Tras ser ninguneada, no quedaba otro camino que abandonar el PP. Era obvio que no sería una salida ni mansa ni discreta

Primero, la novel diputada lo intentó usando su condición de independiente para prodigar las declaraciones heterodoxas y las iniciativas de espaldas al PP de Cataluña. Tras el portazo de su padrino y mentor Josep Piqué en julio de 2007, la catedrática cambió de táctica y decidió afiliarse al partido -al partido que dirigía de modo interino y frágil Daniel Sirera- con la esperanza de promover desde dentro una refundación galvanizadora que la catapultase al liderazgo. La batalla se dirimió tumultuosamente durante las sesiones del 12º congreso de los populares catalanes, en julio de 2008, y Montse Nebrera, a caballo del malestar y la frustración acumulados por muchos militantes, obtuvo el 43% de los votos. Pero la tentativa posterior de traducir esos apoyos en cuotas de poder a escala provincial fue laminada por el aparato, y las apelaciones a Mariano Rajoy o a José María Aznar no hallaron ningún eco. Habiendo quemado sus naves, expedientada y ninguneada por Génova 13, sin posibilidad alguna de ser candidata en 2010, a Nebrera no le quedaba otro camino que abandonar el PP. Y, tratándose de ella, era obvio que no sería una salida ni mansa ni discreta.

Desde luego, cabe entender que la ya ex diputada pecó de un provocador exceso de ambición en sus planteamientos. En los fragmentos conocidos del libro que está a punto de publicar, Nebrera dice haberse propuesto la "refundación, de una vez por todas, de la derecha catalana" como paso previo para "reformular la política española"; sugiere que, sin las ideas que ella abanderaba, "difícilmente se podría construir nada en Cataluña como alternativa real de gobierno al tripartito"; y apunta que tales ideas eran "la última posibilidad de pensar Cataluña en clave de concordia con los demás pueblos de España. Por lo menos, dentro del PP".

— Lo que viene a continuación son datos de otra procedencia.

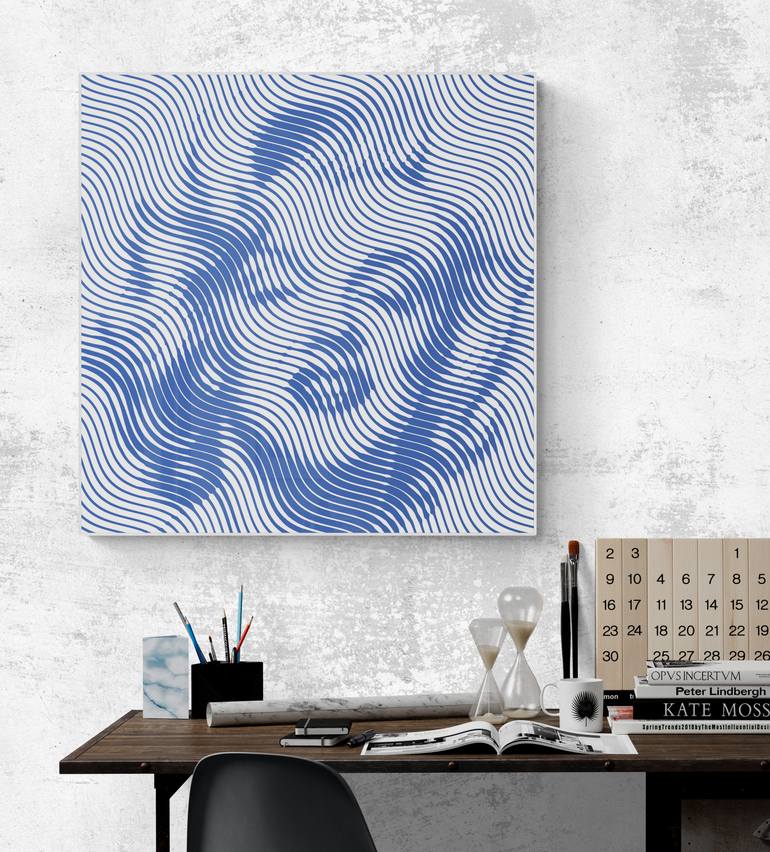 Original Pop Art Pop Culture/Celebrity Painting by Richard Brandão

Pero, hipérboles retóricas e intelectuales al margen, el paso meteórico de Montserrat Nebrera por las filas del Partido Popular catalán también viene a confirmar -con la autoridad del testimonio interno- algunas de las hipótesis que habían sido formuladas desde el análisis externo. No, no me refiero ahora a la exageración del número de militantes, ni al ambiente fraternal que ya se adivinaba tras el famoso SMS del diputado Sirera. Me refiero a la doctrina que Aznar instauró y Rajoy ha mantenido, según la cual la sensibilidad y el consenso identitarios en Cataluña son una patología, algo enfermizo, que no debe merecer del PP respeto ni consideración alguna. Por tanto, esa sensibilidad puede ser humillada ya sea a través de las chapas de los coches, o del recurso contra el Estatuto y contra la Ley de Educación, o de la denuncia de una imaginaria persecución del castellano, sin atender siquiera al coste en votos que pagará por ello el PP de Cataluña. Porque -sentencia Aznar- "nuestro objetivo en Cataluña" no es gustar, sino "conseguir mantenernos de forma resistente e irreductible en el 20% del electorado...".

O sea, el modelo del partido-reducto, del partido-secta adscrito a la lunatic fringe. ¿Y para eso 25 años de supuestos giros catalanistas?